The primary aim of Martens is to enable data manipulation code that is:
* Flexible
* Succinct
* Easily Readable and maintainable
* Lightweight
And finally, reasonably performant. That is to say, the intent and philosophy
is not to rely on libraries like numpy which may boost performance compared to
base python. Rather, martens fits neatly around concepts from core python.
This comes with benefits to flexibility and a minimal build profile.
The design is heavily inspired by `dplyr <https://dplyr.tidyverse.org/>`_
from the R universe.
Example code
------------
Importing data is simple::
source_data = martens.SourceFile(file_path=file_path).dataset
Generally speaking, martens will infer file type from the file extension provided
but you can specify a file type to override it. Access the underlying dataframe
with dataset property.
Dataframes
##########
A martens dataframe is really just a dict of equal length lists and string keys.
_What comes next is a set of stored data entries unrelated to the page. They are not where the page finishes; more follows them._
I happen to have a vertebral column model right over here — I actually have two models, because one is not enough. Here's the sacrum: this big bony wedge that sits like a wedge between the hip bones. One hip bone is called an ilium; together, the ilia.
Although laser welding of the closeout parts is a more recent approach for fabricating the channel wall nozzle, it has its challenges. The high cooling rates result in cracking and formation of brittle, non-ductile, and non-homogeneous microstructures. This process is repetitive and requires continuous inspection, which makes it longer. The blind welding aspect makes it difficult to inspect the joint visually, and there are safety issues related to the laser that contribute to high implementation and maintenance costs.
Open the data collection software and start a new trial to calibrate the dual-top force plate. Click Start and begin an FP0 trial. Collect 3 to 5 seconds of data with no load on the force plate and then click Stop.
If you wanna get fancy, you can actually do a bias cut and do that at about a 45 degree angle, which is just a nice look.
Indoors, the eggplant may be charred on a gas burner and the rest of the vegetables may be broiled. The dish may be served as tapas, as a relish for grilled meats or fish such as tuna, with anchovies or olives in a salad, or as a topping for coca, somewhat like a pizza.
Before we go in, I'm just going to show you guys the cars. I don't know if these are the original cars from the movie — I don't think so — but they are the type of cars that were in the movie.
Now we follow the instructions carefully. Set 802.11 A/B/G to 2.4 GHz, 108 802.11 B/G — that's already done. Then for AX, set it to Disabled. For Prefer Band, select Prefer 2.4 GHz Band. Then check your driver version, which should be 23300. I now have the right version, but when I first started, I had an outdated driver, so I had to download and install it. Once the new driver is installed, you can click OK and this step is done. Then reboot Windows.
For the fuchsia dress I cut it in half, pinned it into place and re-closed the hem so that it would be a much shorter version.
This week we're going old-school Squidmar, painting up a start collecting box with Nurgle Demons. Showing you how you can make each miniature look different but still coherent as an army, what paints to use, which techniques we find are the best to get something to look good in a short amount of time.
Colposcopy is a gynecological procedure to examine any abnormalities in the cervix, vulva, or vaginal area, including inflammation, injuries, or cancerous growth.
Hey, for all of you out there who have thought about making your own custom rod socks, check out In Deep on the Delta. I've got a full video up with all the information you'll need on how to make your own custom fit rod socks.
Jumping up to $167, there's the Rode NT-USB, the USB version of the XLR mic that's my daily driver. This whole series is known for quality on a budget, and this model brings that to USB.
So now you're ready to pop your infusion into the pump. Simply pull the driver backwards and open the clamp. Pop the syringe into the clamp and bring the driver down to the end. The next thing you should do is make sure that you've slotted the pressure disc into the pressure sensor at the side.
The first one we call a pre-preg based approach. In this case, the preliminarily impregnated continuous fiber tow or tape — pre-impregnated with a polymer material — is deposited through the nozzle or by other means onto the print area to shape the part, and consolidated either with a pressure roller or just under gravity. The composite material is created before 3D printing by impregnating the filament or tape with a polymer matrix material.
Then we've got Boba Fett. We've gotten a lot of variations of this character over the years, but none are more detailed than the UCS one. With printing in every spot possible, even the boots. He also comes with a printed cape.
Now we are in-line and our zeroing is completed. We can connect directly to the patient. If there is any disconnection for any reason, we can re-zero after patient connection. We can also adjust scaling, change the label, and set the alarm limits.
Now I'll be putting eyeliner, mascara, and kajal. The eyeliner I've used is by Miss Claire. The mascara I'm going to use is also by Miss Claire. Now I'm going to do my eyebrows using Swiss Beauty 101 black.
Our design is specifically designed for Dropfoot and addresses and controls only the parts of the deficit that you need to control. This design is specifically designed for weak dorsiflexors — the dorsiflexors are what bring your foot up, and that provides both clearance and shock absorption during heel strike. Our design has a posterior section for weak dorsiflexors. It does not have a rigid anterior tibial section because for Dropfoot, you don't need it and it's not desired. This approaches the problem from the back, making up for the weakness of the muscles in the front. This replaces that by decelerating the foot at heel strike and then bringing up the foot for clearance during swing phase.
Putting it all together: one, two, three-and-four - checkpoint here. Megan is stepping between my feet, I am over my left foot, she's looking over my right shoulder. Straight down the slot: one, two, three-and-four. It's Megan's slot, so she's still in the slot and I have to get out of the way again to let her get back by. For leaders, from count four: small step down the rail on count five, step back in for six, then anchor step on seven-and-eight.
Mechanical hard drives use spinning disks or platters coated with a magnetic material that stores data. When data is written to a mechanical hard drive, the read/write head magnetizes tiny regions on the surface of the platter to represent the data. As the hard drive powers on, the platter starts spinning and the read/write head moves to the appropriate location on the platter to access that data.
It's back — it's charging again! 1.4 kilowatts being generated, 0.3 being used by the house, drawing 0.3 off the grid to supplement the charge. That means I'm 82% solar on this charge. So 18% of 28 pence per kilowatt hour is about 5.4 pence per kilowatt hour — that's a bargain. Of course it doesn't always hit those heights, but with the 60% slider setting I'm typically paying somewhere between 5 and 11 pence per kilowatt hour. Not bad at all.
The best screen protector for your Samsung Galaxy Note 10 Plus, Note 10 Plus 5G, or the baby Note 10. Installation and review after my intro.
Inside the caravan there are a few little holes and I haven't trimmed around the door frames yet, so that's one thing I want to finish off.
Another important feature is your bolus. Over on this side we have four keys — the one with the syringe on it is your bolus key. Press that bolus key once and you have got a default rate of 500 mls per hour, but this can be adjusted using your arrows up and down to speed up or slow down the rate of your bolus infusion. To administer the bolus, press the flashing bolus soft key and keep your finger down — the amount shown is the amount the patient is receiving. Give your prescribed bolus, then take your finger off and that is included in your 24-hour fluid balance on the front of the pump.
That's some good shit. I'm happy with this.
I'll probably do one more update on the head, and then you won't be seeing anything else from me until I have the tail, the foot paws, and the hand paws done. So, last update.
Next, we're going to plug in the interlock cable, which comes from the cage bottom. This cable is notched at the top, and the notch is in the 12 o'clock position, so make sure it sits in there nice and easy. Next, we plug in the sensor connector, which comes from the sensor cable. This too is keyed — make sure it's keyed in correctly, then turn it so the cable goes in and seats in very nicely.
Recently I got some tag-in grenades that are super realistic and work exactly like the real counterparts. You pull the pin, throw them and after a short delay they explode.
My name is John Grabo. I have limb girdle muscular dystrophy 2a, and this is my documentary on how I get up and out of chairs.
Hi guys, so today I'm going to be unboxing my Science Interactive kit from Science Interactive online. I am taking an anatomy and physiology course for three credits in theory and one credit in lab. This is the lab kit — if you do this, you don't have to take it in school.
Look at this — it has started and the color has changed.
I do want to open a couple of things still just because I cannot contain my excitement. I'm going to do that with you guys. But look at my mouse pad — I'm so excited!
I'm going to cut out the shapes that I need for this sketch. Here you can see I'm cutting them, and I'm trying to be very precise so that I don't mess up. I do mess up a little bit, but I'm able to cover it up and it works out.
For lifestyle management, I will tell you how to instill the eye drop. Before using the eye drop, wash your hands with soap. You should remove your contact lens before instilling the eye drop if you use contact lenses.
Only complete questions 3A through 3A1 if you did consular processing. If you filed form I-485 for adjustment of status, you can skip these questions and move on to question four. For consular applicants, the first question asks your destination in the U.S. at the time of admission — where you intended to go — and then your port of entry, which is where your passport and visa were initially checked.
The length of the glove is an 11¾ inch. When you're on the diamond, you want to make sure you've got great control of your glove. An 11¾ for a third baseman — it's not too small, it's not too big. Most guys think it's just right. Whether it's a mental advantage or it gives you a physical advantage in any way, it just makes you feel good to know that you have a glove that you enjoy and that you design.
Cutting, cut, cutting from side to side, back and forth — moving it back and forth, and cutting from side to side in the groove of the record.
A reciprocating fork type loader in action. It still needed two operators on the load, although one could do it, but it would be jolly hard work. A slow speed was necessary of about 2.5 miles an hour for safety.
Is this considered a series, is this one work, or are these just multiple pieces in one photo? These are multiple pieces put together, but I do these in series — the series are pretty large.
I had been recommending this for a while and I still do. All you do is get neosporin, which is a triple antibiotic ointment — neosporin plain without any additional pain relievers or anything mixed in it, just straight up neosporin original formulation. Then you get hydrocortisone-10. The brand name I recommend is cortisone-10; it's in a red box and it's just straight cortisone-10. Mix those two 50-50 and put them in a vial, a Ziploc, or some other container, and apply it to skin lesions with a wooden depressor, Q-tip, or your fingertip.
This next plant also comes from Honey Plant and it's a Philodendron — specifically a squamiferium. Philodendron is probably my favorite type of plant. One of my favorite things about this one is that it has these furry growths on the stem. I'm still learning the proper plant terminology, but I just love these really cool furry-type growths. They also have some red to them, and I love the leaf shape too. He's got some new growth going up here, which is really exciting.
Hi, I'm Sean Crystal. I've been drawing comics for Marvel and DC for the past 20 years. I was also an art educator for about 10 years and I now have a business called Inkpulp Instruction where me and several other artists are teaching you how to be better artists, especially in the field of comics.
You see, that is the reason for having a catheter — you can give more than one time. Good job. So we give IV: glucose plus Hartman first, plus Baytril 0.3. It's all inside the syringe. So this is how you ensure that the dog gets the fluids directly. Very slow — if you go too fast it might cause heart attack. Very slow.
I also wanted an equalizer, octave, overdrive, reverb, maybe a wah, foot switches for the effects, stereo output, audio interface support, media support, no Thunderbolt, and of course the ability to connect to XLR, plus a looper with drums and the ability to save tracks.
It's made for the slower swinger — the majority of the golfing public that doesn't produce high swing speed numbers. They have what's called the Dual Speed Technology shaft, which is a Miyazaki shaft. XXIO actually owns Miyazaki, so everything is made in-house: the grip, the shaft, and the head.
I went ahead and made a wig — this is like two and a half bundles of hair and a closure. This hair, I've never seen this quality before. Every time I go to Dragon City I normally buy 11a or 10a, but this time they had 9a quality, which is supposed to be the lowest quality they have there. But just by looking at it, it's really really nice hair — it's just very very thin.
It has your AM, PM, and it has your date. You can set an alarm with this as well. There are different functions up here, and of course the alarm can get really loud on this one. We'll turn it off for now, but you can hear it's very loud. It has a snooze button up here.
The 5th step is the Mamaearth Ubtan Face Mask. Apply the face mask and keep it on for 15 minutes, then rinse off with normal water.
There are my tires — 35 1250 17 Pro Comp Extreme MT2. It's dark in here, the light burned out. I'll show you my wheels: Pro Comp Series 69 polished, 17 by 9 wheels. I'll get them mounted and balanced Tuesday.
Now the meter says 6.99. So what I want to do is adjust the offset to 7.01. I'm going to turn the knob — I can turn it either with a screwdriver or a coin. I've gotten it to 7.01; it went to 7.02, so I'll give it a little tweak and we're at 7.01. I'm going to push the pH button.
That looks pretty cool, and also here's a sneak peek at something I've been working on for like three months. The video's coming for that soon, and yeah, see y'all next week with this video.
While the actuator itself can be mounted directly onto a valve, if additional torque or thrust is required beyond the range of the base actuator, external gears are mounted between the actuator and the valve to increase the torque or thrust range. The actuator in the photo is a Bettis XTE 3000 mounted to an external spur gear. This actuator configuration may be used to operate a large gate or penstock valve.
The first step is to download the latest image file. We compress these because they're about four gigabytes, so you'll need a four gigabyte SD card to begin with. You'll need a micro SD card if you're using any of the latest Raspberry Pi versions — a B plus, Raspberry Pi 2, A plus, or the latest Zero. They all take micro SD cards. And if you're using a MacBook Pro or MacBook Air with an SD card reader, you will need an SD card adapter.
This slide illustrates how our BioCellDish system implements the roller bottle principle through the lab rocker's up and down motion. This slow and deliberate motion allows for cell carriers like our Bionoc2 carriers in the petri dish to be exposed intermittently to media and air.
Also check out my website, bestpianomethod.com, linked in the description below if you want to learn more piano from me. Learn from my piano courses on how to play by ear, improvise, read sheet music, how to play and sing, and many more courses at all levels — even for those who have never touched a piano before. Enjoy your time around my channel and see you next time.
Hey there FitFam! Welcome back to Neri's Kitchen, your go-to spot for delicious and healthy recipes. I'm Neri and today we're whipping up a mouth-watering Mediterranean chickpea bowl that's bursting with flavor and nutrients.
Any column of the dataframe can be accessed as follows and the result is always
a list::
source_data['age']
There's no such thing as a dataframe index in martens, they are not at all useful
for the type of data that martens is designed to parse. But, we can quickly add a
standard, integer based column to use as an id in later steps::
source_data.with_id('person_id')
Filtering with functions
########################
Filtering is best done with functions or lambdas (but doesn't have to be)::
source_data.dataset.filter(lambda gender: gender == 'Male')
The key innovation of martens is that argument names of a function
are used within the dataframe. These functions will then operate on data
within the columns with corresponding names to it's own arguments.
That is, argument names of your functions are important and determine
how that function will interact with the dataframe.
This allows for succinct, readable and flexible
code. For example, you can use any function to filter so long as
its argument names correspond to existing columns
in the dataframe and the function returns something that is
ultimately able to be resolved to either true or false.
Mutate and apply
################
Similarly we can quickly create new columns on the fly using data from existing functions::
source_data.mutate(lambda age: 365*age,'age_in_days')
Again, there is significant flexibility here. Any arbitrary function with any
arbitrary return value will do, as long as all of it's arguments
can be resolved using existing columns of the dataframe.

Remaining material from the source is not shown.